You might just like the Bolero's. They really fits snuggly into the description of the sound your are looking for. I have been extremely pleased with mine. I've had them a year now and have NO reservations whatsoever.
I use them in a 19x13x9 room and listen primarily to classical and jazz music. If you are seriously considering them and want a 'testimonial' e-mail me. BTW, although I'm sure you noticed, unlike other Silverlines, they have all Dynaudio drivers, including the Esotar tweeter, and they are voiced very differently than the other Silverlines.
A speaker that comes to my mind given your criteria is the Legacy Audio Whisper. It's physically imposing, but unlike most speakers that size, its free-air woofers function as dipoles, making it easy to place them closer to side walls. The woofers can also be amped and attenuated separately, so it is relatively easy to dial the speakers in to the room size and avoid bass overload.
Finally, the Whispers are aptly named if the multiple reviews are to be believed. The reviews consistently report that they are particularly good at low level detail and holding the musical presentation together at low volumes.
Stereophile review here.
Also, given your criteria for detail plus engaging musicality, the Sonus Faber Cremona is a must-listen. The SF's all have a very natural-sounding tonal balance, the antithesis of hyped-up "hi-fi."
Tvad, Not for you specifically. You are too sophisticated to be influenced by my observations. I just don't want my opinions of equipment that I did not chose, to be the basis for others when making their purchase decisions. Those that are serious about speakers I chose vs did not chose will have to ask and have to settle for e-mail. I'm too wordy to burden down the forum with my specific opinions. :-)

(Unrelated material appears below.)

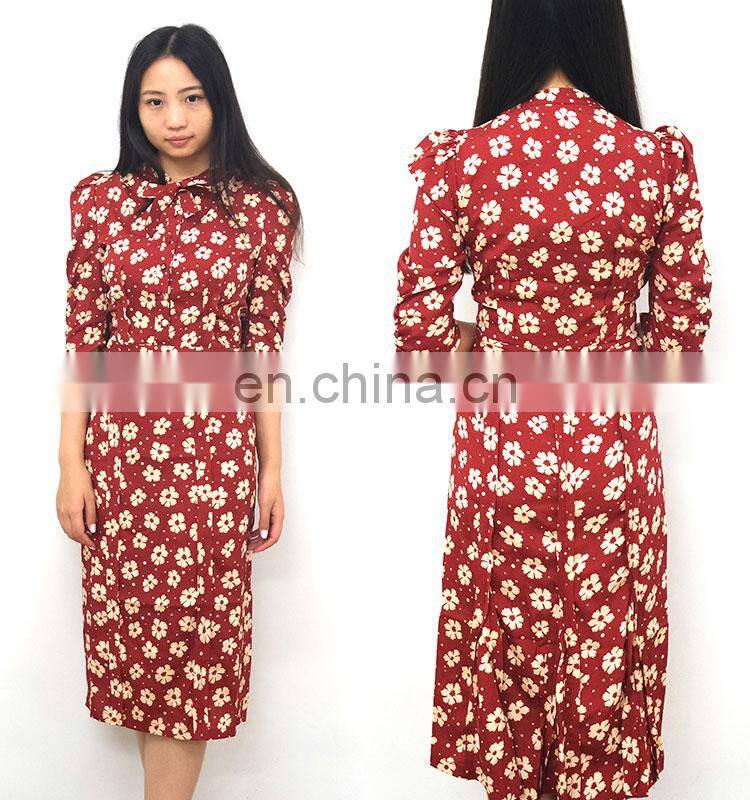 2015 summer western style women four-leaf clover chiffon dress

I believe they have have dealers on each coast as well as the Chicago and Texas areas. I don't know how much of the line they stock. If you want to trace one down call or e-mail Alan Yun at Silverline. He is very responsive. He will also deal with you direct at an advantageous price if there is no dealer in your area, and of course you could always hear them (by appointment) at his shop. This was not the greatest environment IMHO - he is not very anal about demo's, set up wise. I listened at his shop but wasn't nearly as impressed as when I brought them home and set them up. FWIW, if this is a serious 'listen' for you, you are always welcome to come to my home, but I do live in the boonies in Northern California (so few have asked). :-)
Newbee--offer (as email) much appreciated. Here in central Virginia is an audio wasteland. In that regard I miss Ann Arbor. McIntosh, B&W, Thiel and PS Audio are all that can be auditioned in town. Punto. And if they don't float your boat, 2 1/2 hour drive in three different directions to next towns with audio stores that carry anything interesting. And so it goes. Sounds like the makings of another thread...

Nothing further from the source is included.